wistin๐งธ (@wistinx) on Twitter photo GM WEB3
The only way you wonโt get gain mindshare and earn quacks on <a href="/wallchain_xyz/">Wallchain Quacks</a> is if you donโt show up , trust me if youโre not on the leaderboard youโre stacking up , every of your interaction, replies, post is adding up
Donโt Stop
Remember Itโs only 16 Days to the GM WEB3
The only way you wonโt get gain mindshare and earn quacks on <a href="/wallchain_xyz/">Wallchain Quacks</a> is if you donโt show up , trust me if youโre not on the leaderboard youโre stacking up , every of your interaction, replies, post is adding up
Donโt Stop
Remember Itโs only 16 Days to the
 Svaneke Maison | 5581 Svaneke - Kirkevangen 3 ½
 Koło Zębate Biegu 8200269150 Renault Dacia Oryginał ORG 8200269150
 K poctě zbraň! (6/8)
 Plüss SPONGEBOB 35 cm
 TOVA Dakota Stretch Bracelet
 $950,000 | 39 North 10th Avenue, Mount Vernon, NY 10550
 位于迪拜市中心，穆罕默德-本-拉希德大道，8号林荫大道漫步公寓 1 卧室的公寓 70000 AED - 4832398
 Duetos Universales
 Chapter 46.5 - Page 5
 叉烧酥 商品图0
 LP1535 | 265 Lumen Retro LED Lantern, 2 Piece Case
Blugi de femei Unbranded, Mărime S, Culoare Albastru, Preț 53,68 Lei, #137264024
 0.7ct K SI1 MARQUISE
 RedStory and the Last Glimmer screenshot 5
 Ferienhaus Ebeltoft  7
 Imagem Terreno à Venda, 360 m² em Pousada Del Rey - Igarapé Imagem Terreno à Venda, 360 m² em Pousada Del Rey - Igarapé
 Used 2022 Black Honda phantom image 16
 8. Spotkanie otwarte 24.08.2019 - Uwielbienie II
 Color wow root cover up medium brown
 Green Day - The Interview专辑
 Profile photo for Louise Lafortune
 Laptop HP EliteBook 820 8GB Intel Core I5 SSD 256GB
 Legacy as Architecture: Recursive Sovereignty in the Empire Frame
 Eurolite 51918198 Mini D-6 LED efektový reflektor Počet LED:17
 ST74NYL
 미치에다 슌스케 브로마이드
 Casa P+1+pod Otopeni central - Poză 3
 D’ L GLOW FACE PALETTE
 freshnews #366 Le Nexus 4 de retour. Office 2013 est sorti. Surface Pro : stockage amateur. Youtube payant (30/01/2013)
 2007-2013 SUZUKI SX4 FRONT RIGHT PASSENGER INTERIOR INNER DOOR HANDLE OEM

* * * *

* [Requirement]:
Give back exactly the lines running from the line containing "Laptop HP EliteBook" through the end of the material above, both included, and nothing beyond them.

* [Exercise answer]:
 Laptop HP EliteBook 820 8GB Intel Core I5 SSD 256GB
 Legacy as Architecture: Recursive Sovereignty in the Empire Frame
 Eurolite 51918198 Mini D-6 LED efektový reflektor Počet LED:17
 ST74NYL
 미치에다 슌스케 브로마이드
 Casa P+1+pod Otopeni central - Poză 3
 D’ L GLOW FACE PALETTE
 freshnews #366 Le Nexus 4 de retour. Office 2013 est sorti. Surface Pro : stockage amateur. Youtube payant (30/01/2013)
 2007-2013 SUZUKI SX4 FRONT RIGHT PASSENGER INTERIOR INNER DOOR HANDLE OEM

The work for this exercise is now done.